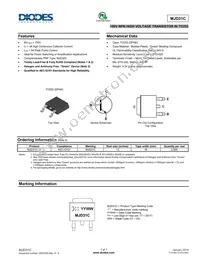 MJD31C-13 Datasheet Cover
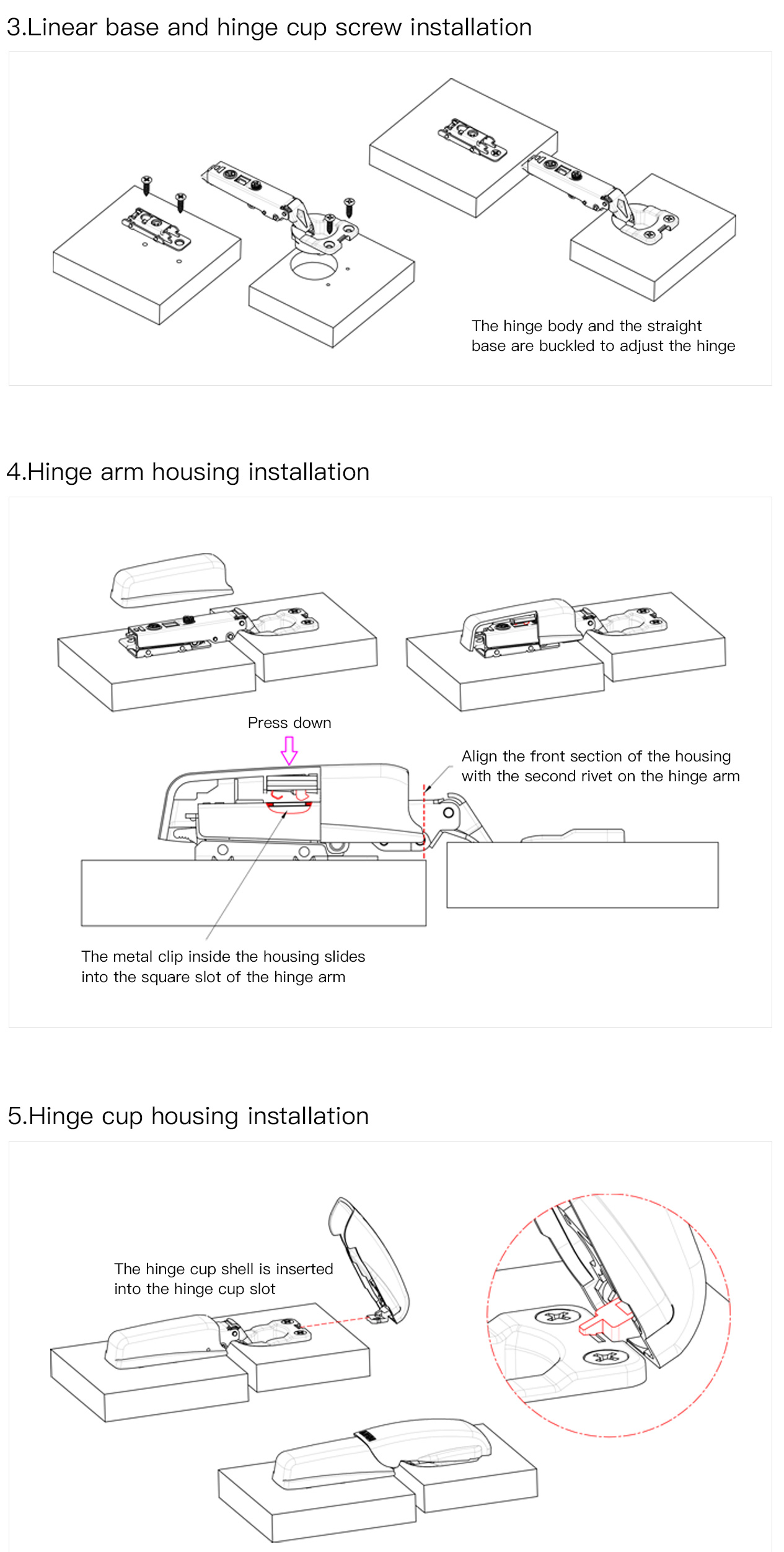 K4P Racer Hinge For Wooden Door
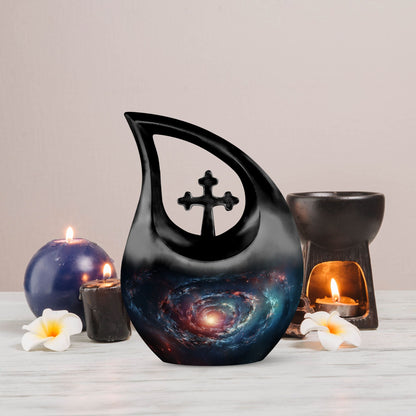 Milkyway Galaxy Urns For Ashes - Cremation Keepsakes For Men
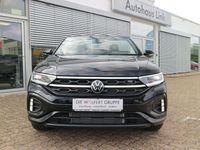 Gebraucht VW T-Roc Cabriolet R-line 150 PS (110 kW) 2025 Deep black perleffekt schwarz Cabrio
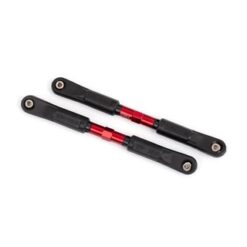 Camber links, front, Sledge (TUBES red-anodized, 7075-T6 aluminum, stronger than titanium) (117mm) (2)/ rod ends, assembled with steel hollow balls (4)/ aluminum wrench, 8mm (1) [TRX9547R]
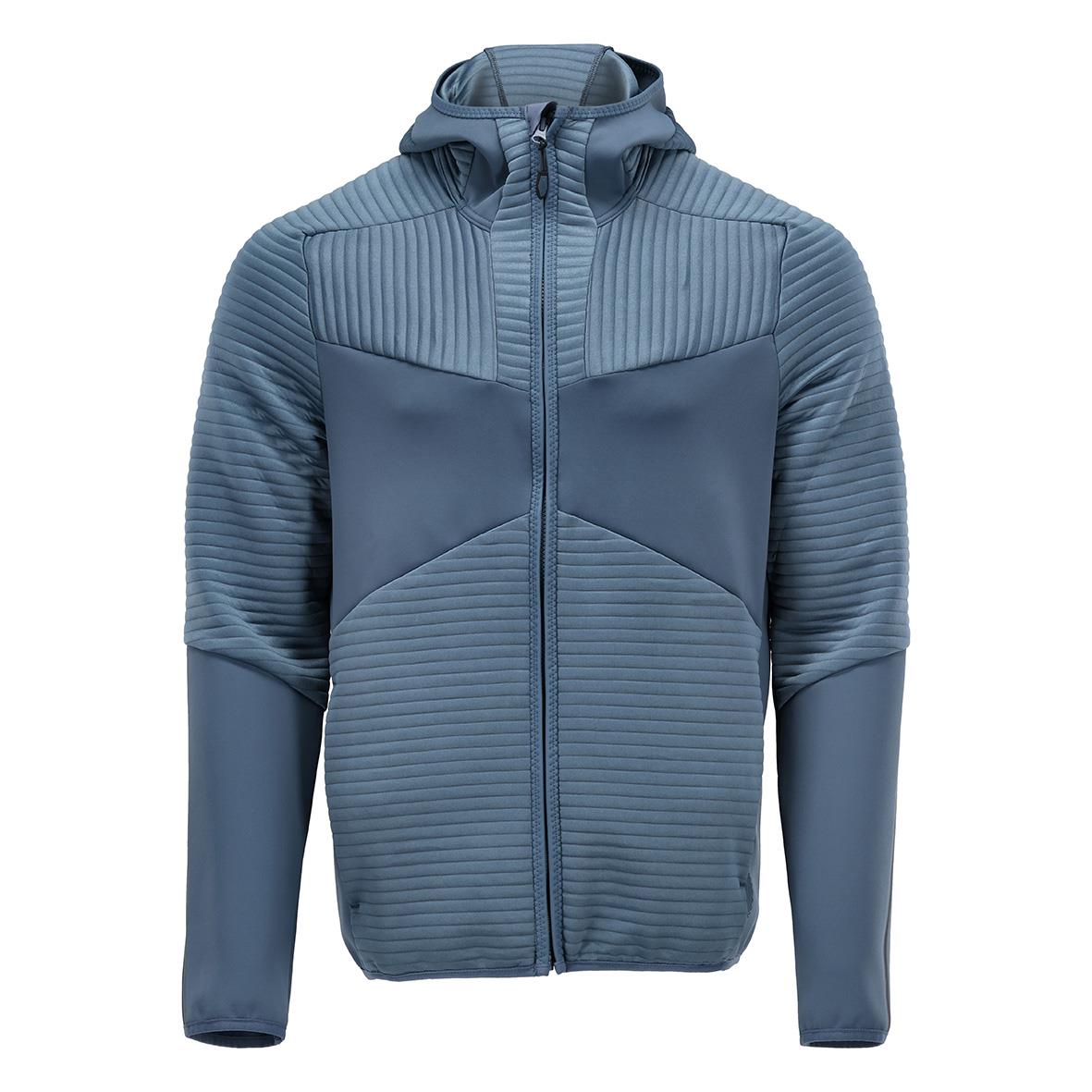 Ljus stenblå fleecejacka med huva och dragkedja, 2XL, Mascot 22603-681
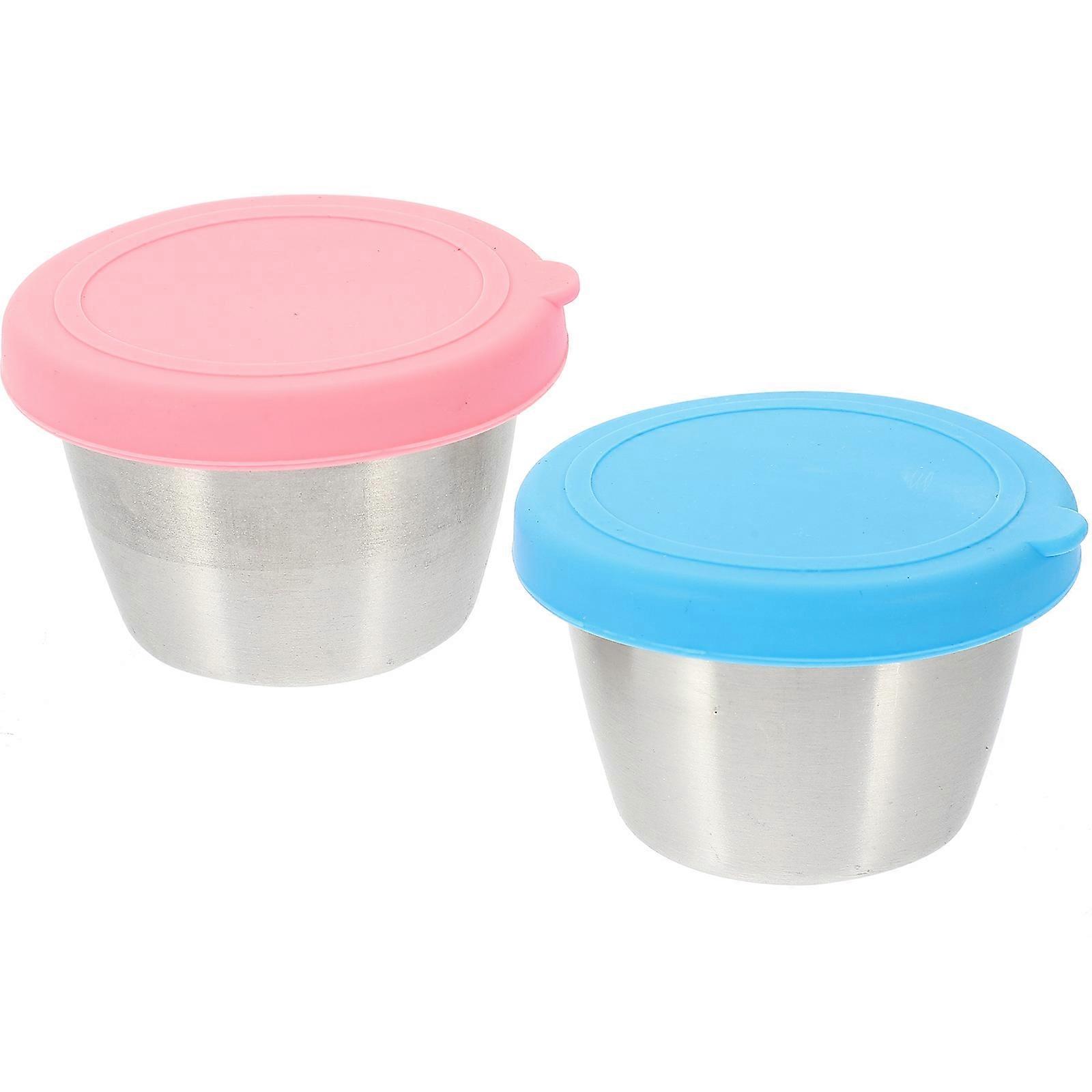 Dipping Sauce Cups Resuable Salad Dressing Containers Sealed Lightweight 2Pcs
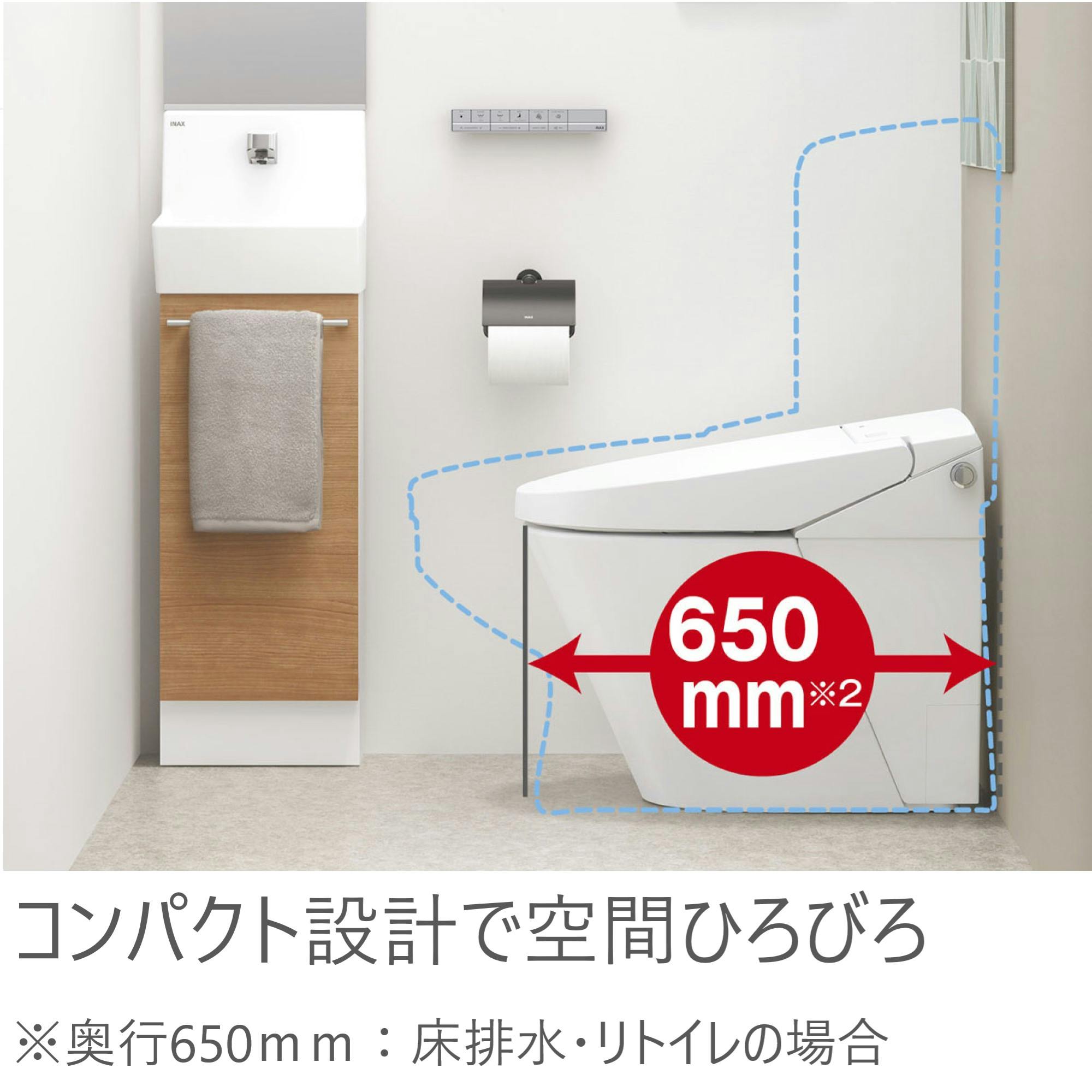 LIXIL INAX サティス S6タイプ フルオート便座 リトイレ 床排水 LIXIL INAX サティス S6タイプ フルオート便座 リトイレ 床排水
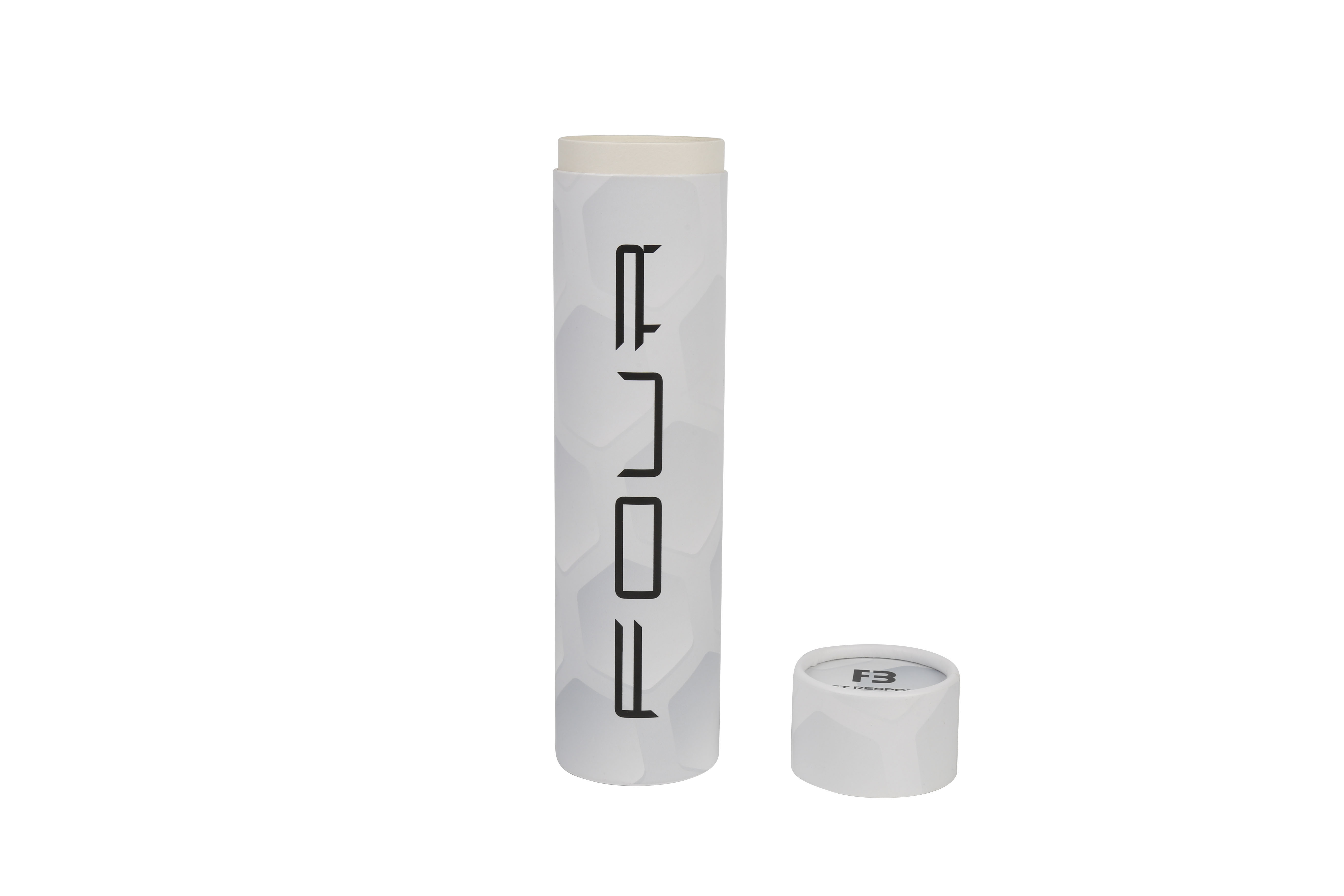 Custom Printed Handmade Black Paper Cylinder Tube Packaging Box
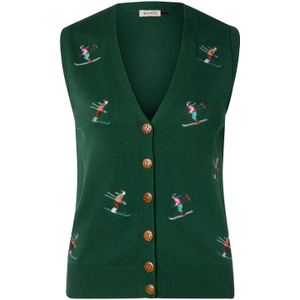 Banned Retro - Gilet - Groen/Donkergroen - Dames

- About this task -
Omit the pictures. Write out exactly the lines from the one containing "Dipping Sauce Cups" through the last line of the entries, both of them included.

- Response -
 Dipping Sauce Cups Resuable Salad Dressing Containers Sealed Lightweight 2Pcs
 LIXIL INAX サティス S6タイプ フルオート便座 リトイレ 床排水 LIXIL INAX サティス S6タイプ フルオート便座 リトイレ 床排水
 Custom Printed Handmade Black Paper Cylinder Tube Packaging Box
 Banned Retro - Gilet - Groen/Donkergroen - Dames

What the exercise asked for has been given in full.